Pictures stay out of the copy. Retype exactly the lines below from the one with "Detail Gallery Image" through the one with "202 Parkway, W Dickson TN 37055".

Records to process:
────────────────────────────────────────

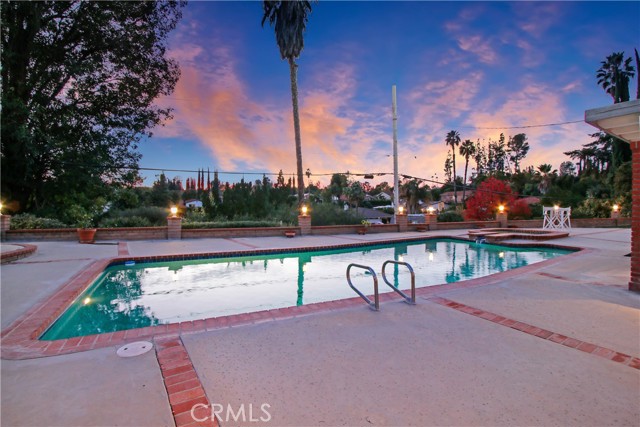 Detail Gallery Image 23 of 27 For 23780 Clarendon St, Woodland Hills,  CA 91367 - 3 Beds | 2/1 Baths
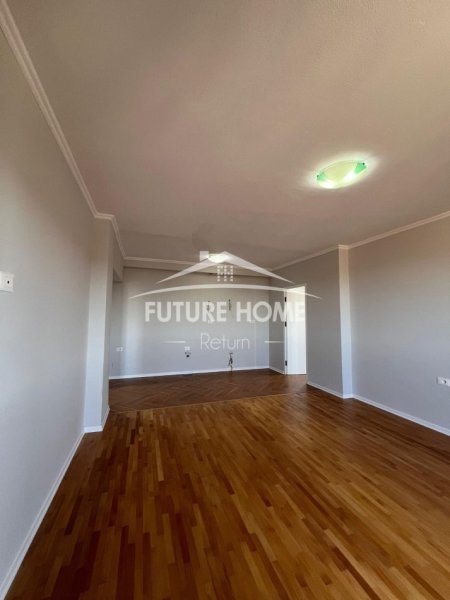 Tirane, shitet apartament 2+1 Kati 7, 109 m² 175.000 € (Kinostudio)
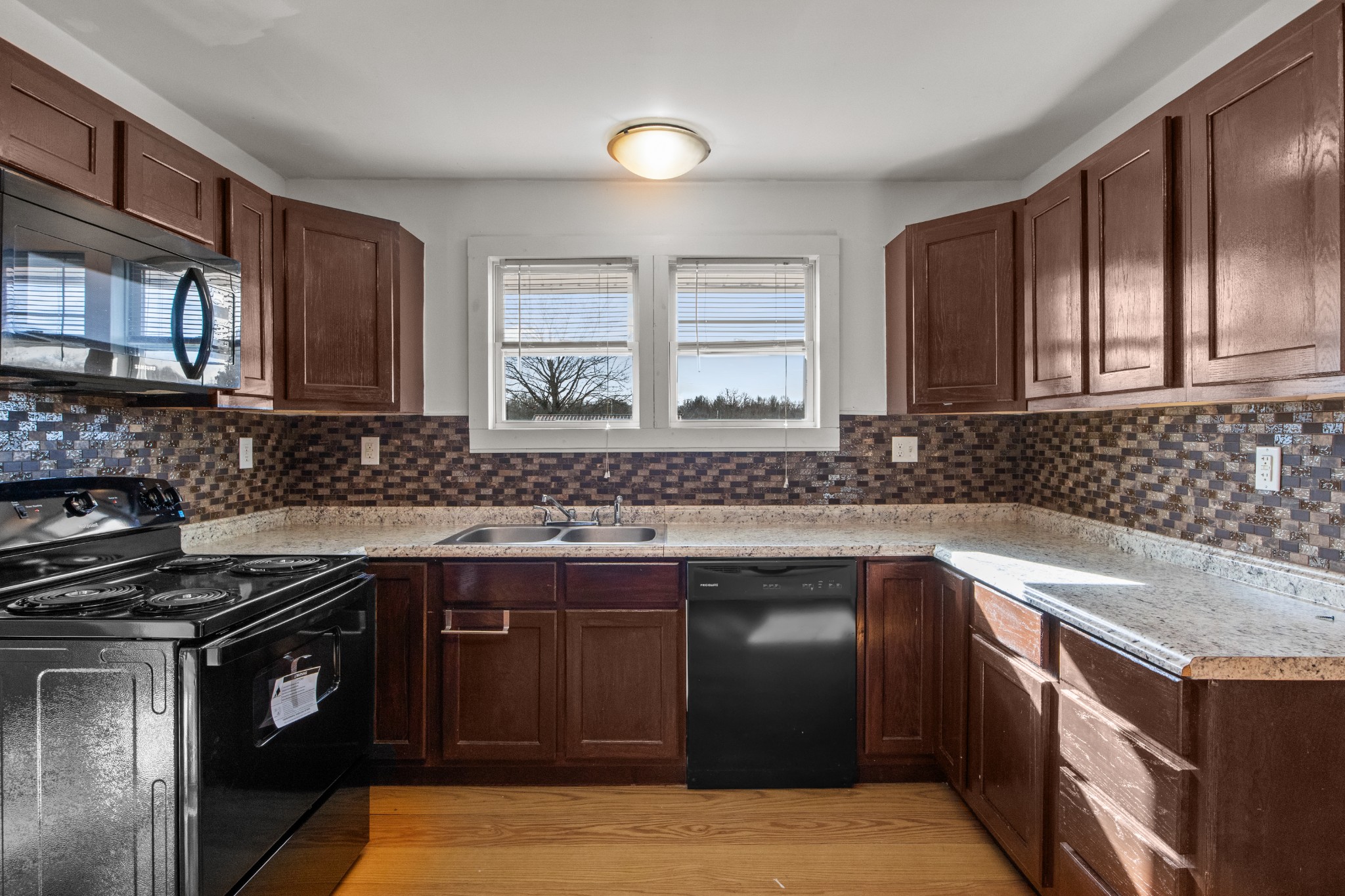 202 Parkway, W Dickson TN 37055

────────────────────────────────────────

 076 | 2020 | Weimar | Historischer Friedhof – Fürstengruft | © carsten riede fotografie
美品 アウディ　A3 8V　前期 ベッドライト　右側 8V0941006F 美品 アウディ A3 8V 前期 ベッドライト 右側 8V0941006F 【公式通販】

────────────────────────────────────────

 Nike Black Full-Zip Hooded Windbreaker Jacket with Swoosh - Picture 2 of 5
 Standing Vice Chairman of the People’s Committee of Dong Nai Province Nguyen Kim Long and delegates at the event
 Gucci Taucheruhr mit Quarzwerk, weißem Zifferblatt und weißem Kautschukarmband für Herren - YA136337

────────────────────────────────────────

Problem solution:
 Detail Gallery Image 23 of 27 For 23780 Clarendon St, Woodland Hills,  CA 91367 - 3 Beds | 2/1 Baths
 Tirane, shitet apartament 2+1 Kati 7, 109 m² 175.000 € (Kinostudio)
 202 Parkway, W Dickson TN 37055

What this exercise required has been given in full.